‘Eerste stappen in Nicaragua’
MINKE WINK
Met de herinnering aan de helse heenreis in mijn hoofd stap ik om zes uur ’s ochtends vermoeid en met lichte zweethandjes weer in dezelfde ferry als een week geleden. Ik zwaai Utila vaarwel of tot ziens en ga terug naar land. Gelukkig is het water zo vroeg in de ochtend een stuk rustiger wat de terugreis een stuk minder heftig maakt dan de heenreis. In de haven staat een klein busje te wachten dat mij, samen met nog een stuk of twintig andere reizigers, naar León in Nicaragua gaat brengen.
Uren en uren en uren, om precies te zijn twaalf, verstrijken voordat we eindelijk aankomen bij de grens van Honduras naar Nicaragua. De grensovergang is best wel vies en luguber en ik ben blij dat ik niet alleen ben. Onze driver die goed Engels spreekt helpt ons de grens over en niet veel later zijn we in Nicaragua. Het is ondertussen al avond en we moeten nog een paar uur reizen voordat we in León zijn.

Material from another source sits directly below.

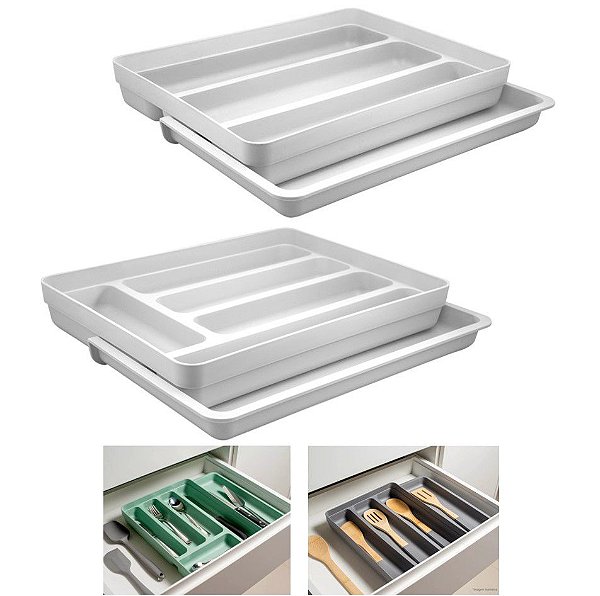 Kit 2 Organizador Gavetas Talheres Extensível Porta Talher Utensílios Cozinha Logic - Ou - Branco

Midden in de nacht komen we aan in León. We worden in een straat gedropt met meerdere hostels en omdat ik niet gereserveerd heb ga ik rondvragen bij de hostels. Allemaal vol! Wat? Dat kan toch niet? Ik voel een lichte paniekaanval opkomen maar weet deze snel te onderdrukken. Er is heus wel ergens plek. Ik kom er al snel achter dat ik niet de enige ben die nog geen bed heeft en gelukkig gaat onze driver samen met ons op zoek naar een slaapplek. Niet veel later vinden we die in een beetje schrale homestay maar ik heb wel voor het eerst in tijden mijn eigen kamer voor dezelfde prijs. Ook wel weer fijn. Uitgeput van de lange reis val ik binnen no-time in slaap.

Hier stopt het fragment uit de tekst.